+++ Supplied records
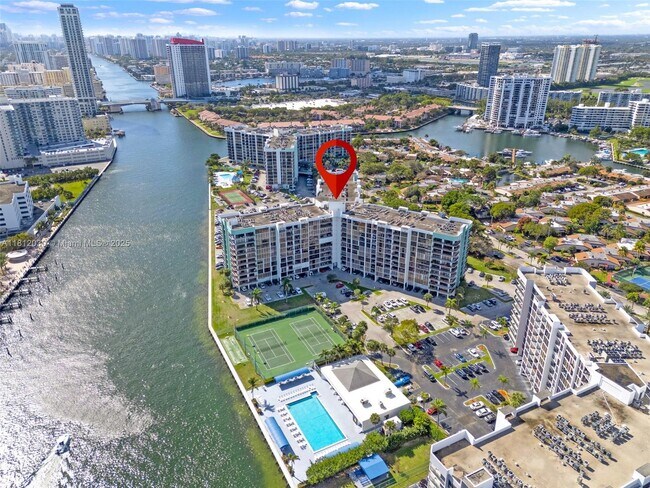 Foto del edificio - 400 Leslie Dr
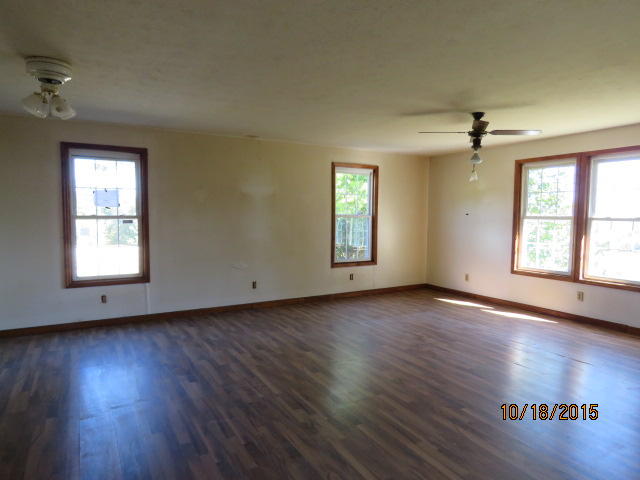 460 Clear Branch Road Rocky Top, TN 37769 - Photo 6 of 15 IMG_0108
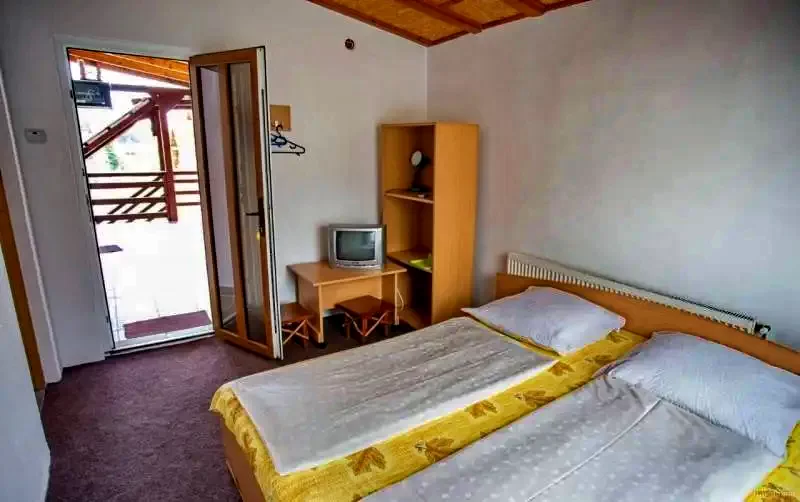 Cazare Cârtișoara - Pensiunea Bâlea Transfăgărășan*** | Kercisóra - Bilea Transfăgărășan Panzió***. Imaginea poate fi supusă drepturilor de autor. Se recomandă contactarea titularului drepturilor.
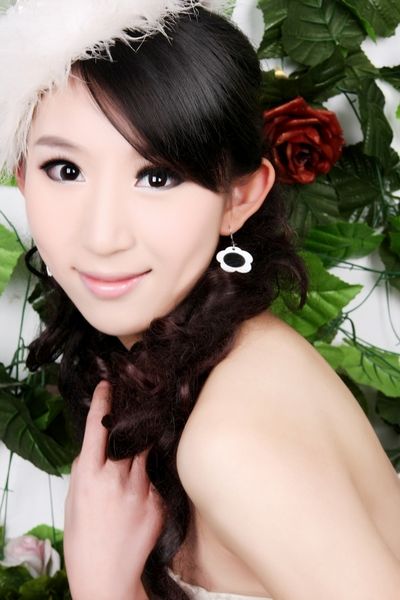 组图:上海啦啦队清纯写真 美女大学生秀古典美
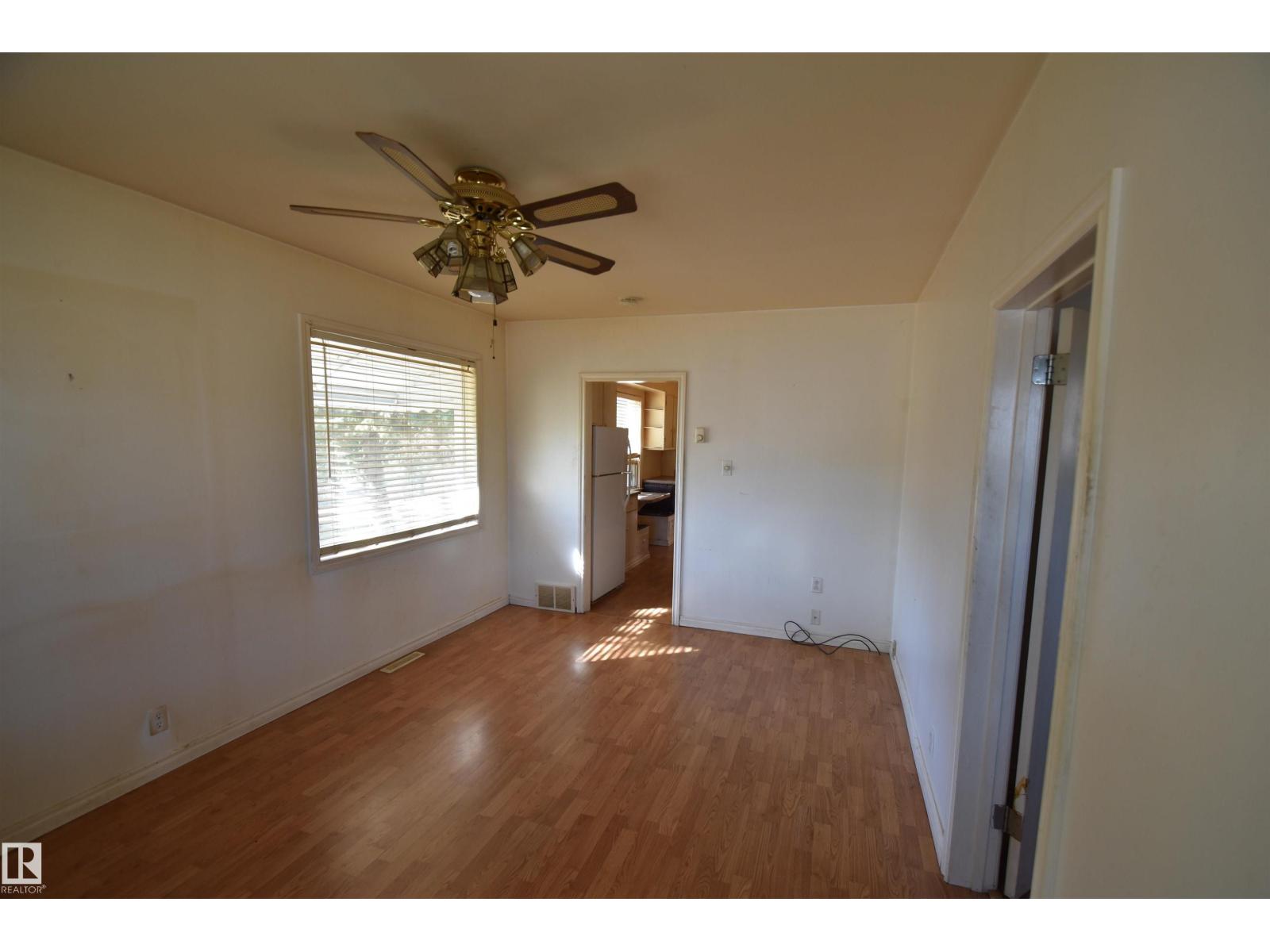 5018 50 ST — photo 14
++++++
▶ **Aim of the exercise**
Repeat verbatim the lines from the one holding "460 Clear Branch" through the end of the listing above, both ends included, but not the pictures.

▶ **Exercise output**
 460 Clear Branch Road Rocky Top, TN 37769 - Photo 6 of 15 IMG_0108
 Cazare Cârtișoara - Pensiunea Bâlea Transfăgărășan*** | Kercisóra - Bilea Transfăgărășan Panzió***. Imaginea poate fi supusă drepturilor de autor. Se recomandă contactarea titularului drepturilor.
 组图:上海啦啦队清纯写真 美女大学生秀古典美
 5018 50 ST — photo 14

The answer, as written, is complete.